- **Task requirements**:
Nothing in the data may be omitted; output it all verbatim.
━━━ Provided entries
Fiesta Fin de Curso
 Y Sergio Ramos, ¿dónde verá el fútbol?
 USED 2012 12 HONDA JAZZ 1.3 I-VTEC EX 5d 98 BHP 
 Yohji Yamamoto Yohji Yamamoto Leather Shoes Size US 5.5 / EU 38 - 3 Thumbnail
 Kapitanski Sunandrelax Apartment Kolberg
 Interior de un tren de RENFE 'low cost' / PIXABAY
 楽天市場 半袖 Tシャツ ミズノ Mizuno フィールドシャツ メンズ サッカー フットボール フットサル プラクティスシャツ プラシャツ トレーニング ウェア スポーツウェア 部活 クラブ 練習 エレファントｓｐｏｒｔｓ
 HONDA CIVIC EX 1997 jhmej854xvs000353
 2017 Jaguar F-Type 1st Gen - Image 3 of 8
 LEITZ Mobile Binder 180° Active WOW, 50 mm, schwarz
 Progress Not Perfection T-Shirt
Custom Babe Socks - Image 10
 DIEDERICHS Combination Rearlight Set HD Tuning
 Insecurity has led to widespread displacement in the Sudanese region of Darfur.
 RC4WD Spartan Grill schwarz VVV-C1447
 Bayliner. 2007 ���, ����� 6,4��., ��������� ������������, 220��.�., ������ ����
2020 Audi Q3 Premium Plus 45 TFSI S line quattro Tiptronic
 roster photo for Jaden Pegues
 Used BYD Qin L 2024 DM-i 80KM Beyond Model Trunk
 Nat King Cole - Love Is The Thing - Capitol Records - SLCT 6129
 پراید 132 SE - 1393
━━━━━━
- **Result for this task**:
Fiesta Fin de Curso
 Y Sergio Ramos, ¿dónde verá el fútbol?
 USED 2012 12 HONDA JAZZ 1.3 I-VTEC EX 5d 98 BHP 
 Yohji Yamamoto Yohji Yamamoto Leather Shoes Size US 5.5 / EU 38 - 3 Thumbnail
 Kapitanski Sunandrelax Apartment Kolberg
 Interior de un tren de RENFE 'low cost' / PIXABAY
 楽天市場 半袖 Tシャツ ミズノ Mizuno フィールドシャツ メンズ サッカー フットボール フットサル プラクティスシャツ プラシャツ トレーニング ウェア スポーツウェア 部活 クラブ 練習 エレファントｓｐｏｒｔｓ
 HONDA CIVIC EX 1997 jhmej854xvs000353
 2017 Jaguar F-Type 1st Gen - Image 3 of 8
 LEITZ Mobile Binder 180° Active WOW, 50 mm, schwarz
 Progress Not Perfection T-Shirt
Custom Babe Socks - Image 10
 DIEDERICHS Combination Rearlight Set HD Tuning
 Insecurity has led to widespread displacement in the Sudanese region of Darfur.
 RC4WD Spartan Grill schwarz VVV-C1447
 Bayliner. 2007 ���, ����� 6,4��., ��������� ������������, 220��.�., ������ ����
2020 Audi Q3 Premium Plus 45 TFSI S line quattro Tiptronic
 roster photo for Jaden Pegues
 Used BYD Qin L 2024 DM-i 80KM Beyond Model Trunk
 Nat King Cole - Love Is The Thing - Capitol Records - SLCT 6129
 پراید 132 SE - 1393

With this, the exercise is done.